OAKLAND — California Attorney General Rob Bonta, in partnership with the U.S. Department of Justice (USDOJ), announced four settlements totaling $68 million against three health care providers and a public health agency, all based in Central and Southern California. The agency is CenCal Health and the providers are Community Health Centers of the Central Coast (CHC), Cottage Health System (Cottage), and Sansum Clinic (Sansum). The settlement resolves allegations that CHC, Cottage, Sansum and CenCal Health submitted or caused the submission of fraudulent claims to Medi-Cal in violation of the state and federal False Claims Acts. The submissions are alleged to be part of an organized scheme to wrongfully retain federal funds that funded Medi-Cal’s Adult Expansion, a program to broaden Medi-Cal benefits that was made possible under the Affordable Care Act (ACA).
“Medi-Cal is a lifeline that provides access to free or affordable healthcare services for millions of Californians and their families,” said Attorney General Bonta. “When any healthcare provider or agency defrauds the program, they break the public’s trust and put profits before the patients who count on them for honest, quality care and services. I am grateful to the USDOJ for its extensive efforts throughout the course of this investigation. The California Department of Justice and our law enforcement partners will continue to hold accountable those who defraud the Medi-Cal program and protect those it serves.”
“Medicaid expansion funds must be used for their intended purpose of providing health care services to low-income individuals,” said Principal Deputy Assistant Attorney General Brian M. Boynton, head of the U.S. Justice Department’s Civil Division. “When health care systems and providers knowingly misuse Medicaid funds, they will be held accountable.”

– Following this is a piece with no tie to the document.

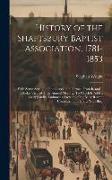 History of the Shaftsbury Baptist Association, 1781-1853: With Some Account of the Association Formed From It, and a Tabular View of Their Annual Meet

Pursuant to the ACA, beginning in January 2014, Medi-Cal was expanded to cover the previously uninsured “Adult Expansion” (AE) population — adults between the ages of 19 and 64 without dependent children with annual incomes up to 133% of the federal poverty level. The federal government fully funded the expansion coverage for the first three years of the program. The AE program was intentionally overfunded to provide a substantial cushion to cover any additional medical needs this newly insured population of patients might present. Through its contract with the California Department of Health Services (DHCS), CenCal Health agreed that if it did not spend at least 85% of what it received for the AE population on eligible services, the surplus funds would be returned to the Medi-Cal program. California, in turn, was required to return that amount to the federal government.
The four settlements resolve allegations that CHC, Cottage, Sansum and CenCal Health knowingly submitted or caused the submission of false claims to Medi-Cal for “additional services” provided to Adult Expansion Medi-Cal members. California and the United States alleged that the payments were not “allowed medical expenses” under CenCal health’s contract with DHCS, were predetermined amounts that did not reflect the fair market value of any additional services provided, and/or the additional services were duplicative of services already required to be rendered. California and the United States further alleged that the payments were unlawful gifts of public funds in violation of the California Constitution.
The AE program was funded by the federal government. Thus, the bulk of the settlement amount will go to the federal government. California will receive a 10% share of the Medicaid recoveries because the case involves the California False Claims Act and the alleged fraud impacted Medi-Cal.
Specifically, CenCal Health will pay $49.5 million to the United States; CHC will pay $3.15 million to the United States and $350,000 to California; Cottage will pay $9 million to the United States and $1 million to California; and Sansum will pay $4.5 million to the United States and $500,000 to California. In total, California will receive $1.85 million.
This investigation was made possible through collaboration with the USDOJ and the United States Attorney’s Office for the Central District of California.
The California Department of Justice’s Division of Medi-Cal Fraud and Elder Abuse (DMFEA) protects Californians by investigating and prosecuting those who defraud the Medi-Cal program as well as those who commit elder abuse. These settlements are made possible only through the coordination and collaboration of governmental agencies, as well as the critical help from whistleblowers who report incidences of abuse or Medi-Cal fraud at oag.ca.gov/dmfea/reporting
DMFEA receives 75% of its funding from HHS under a grant award totaling $53,792,132 for federal fiscal year 2022-2023. The remaining 25% is funded by the State of California. The federal fiscal year is defined as through September 30, 2023.
The claims resolved by the settlement are allegations only, and there has been no determination of liability.